Overview

In addition to a plaintext websocket implementation, Rime also has an implementation that sends and receives events as JSON objects. Like the other implementation, all synthesis arguments are provided as query parameters when establishing the connection.

The websocket API buffers inputs up to on of the following punctuation characters: ., ?, !. This is most pertinent for the initial messages sent to the API, as synthesis won’t begin until there are sufficient tokens to generate audio with natural prosody. After the first synthesis of any given utterance, typically enough time has elapsed that subsequent audio contains multiple clauses, and the buffering becomes largely invisible.

Messages

Send

Text

This is the most common message, which contains text for synthesis.

schema:

type TextMessage = {
  text: string,
  contextId?: string,
}

examples:

{
    "text": "this is the minimum text message."
}

{
    "text": "this is a text message with a context id.",
    "contextId": "159495B1-5C81-4C73-A51A-9CE10A08239E"
}

Context IDs can be provided, which will be attached to subsequent messages that the server sends back to the client. Rime will not maintain multiple simultaneous context ids. The events will contain the most recent context ID at the time that audio was requested. In the above examples, even if both messages are received by the server before it sends any audio, the audio response for the first sentence will be tagged with contextId: null, and the audio for the second will be tagged with its UUID.

Clear

Your client can clear out the accumulated buffer, which is useful in the case of interruptions.

{ "operation": "clear" }

EOS

At times, your client would like to generate audio for whatever remains in the buffer, and then have the connection immediately closed.

{ "operation" : "eos" }

Receive

Chunk

The most common event will be the audio chunk.

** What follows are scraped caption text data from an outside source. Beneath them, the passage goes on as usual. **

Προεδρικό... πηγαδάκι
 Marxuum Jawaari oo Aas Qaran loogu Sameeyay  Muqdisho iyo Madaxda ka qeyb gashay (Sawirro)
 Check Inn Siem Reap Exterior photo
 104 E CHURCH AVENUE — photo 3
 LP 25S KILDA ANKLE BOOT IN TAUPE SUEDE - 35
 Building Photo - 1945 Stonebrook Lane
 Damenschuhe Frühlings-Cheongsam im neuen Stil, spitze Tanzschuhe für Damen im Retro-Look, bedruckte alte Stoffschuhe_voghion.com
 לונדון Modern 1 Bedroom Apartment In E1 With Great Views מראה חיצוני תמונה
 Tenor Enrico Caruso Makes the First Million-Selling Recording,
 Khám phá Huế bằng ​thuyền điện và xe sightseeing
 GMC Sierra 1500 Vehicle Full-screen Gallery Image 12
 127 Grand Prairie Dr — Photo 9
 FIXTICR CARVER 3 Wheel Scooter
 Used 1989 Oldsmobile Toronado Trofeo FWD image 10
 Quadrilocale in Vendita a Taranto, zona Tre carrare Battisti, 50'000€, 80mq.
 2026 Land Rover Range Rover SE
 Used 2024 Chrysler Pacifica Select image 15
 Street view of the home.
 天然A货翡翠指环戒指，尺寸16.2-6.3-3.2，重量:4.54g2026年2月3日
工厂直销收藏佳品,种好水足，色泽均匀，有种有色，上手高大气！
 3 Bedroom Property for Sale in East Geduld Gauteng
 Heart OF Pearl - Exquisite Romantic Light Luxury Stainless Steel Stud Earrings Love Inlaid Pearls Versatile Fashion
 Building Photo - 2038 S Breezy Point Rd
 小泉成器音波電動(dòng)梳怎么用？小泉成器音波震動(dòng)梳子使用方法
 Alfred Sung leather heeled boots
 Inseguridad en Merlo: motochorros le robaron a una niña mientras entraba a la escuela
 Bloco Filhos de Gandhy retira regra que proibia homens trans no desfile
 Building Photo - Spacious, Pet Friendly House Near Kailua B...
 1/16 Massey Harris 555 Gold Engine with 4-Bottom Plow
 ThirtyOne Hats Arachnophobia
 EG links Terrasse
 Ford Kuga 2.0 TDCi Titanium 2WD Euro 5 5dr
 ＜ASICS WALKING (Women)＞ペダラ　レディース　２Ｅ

type Base64String = string

type AudioChunkEvent = {
  type: "chunk",
  data: Base64String,
  contextId: string | null,
}

The audio will be a base64 encoded chunk of audio bytes in the audio format specified when the connection was established. If you provided any context id when sending the relevant text, it’ll be included here.

Timestamps

Word timestamps are provided to better understand what precisely has been already said, in the event of an interruption.

type TimestampsEvent = {
  type: "timestamps",
  wordTimestamps: {
    words: string[],
    start: number[],
    end: number[],
  },
}

Error

In the event of a malformed or unexpected input, the server will immediately respond with an error message. The server will not close the connection, and will still accept subsequent well-formed messages. It’s up to the client to decide if it wants to close upon receiving an error.

type ErrorEvent = {
  type: "error",
  message: string,
}

Variable Parameters

speaker
string
required

Must be one of the voices listed in our documentation.

text
string
required

The text you’d like spoken

modelId
string

Choose mist for hyper-realistic conversational voices or v1 for Rime’s first-gen model (default: v1)

audioFormat
string

One of mp3, mulaw, or pcm

pauseBetweenBrackets
bool
default:
"false"

When set to true, adds pauses between words enclosed in angle brackets. The number inside the brackets specifies the pause duration in milliseconds.
Example: “Hi. <200> I’d love to have a conversation with you.” adds a 200ms pause between the first and second sentences.

phonemizeBetweenBrackets
bool
default:
"false"

When set to true, you can specify the phonemes for a word enclosed in curly brackets.
Example: “{h’El.o} World” will pronounce “Hello” as expected. More details on this feature are incoming!

inlineSpeedAlpha
string

Comma-separated list of speed values applied to words in square brackets. Values < 1.0 speed up speech, > 1.0 slow it down. Example: “This sentence is [really] [fast]” with inlineSpeedAlpha “0.5, 3” will make “really” slow and “fast” fast.

samplingRate
int

The value, if provided, must be between 4000 and 44100. Default: 22050

speedAlpha
float
default:
"1.0"

Adjusts the speed of speech. Lower than 1.0 is faster than default. Higher than 1.0 is slower than default.

reduceLatency
bool
default:
"false"

Reduces the latency of response, at the cost of some possible mispronunciation of digits and abbreviations.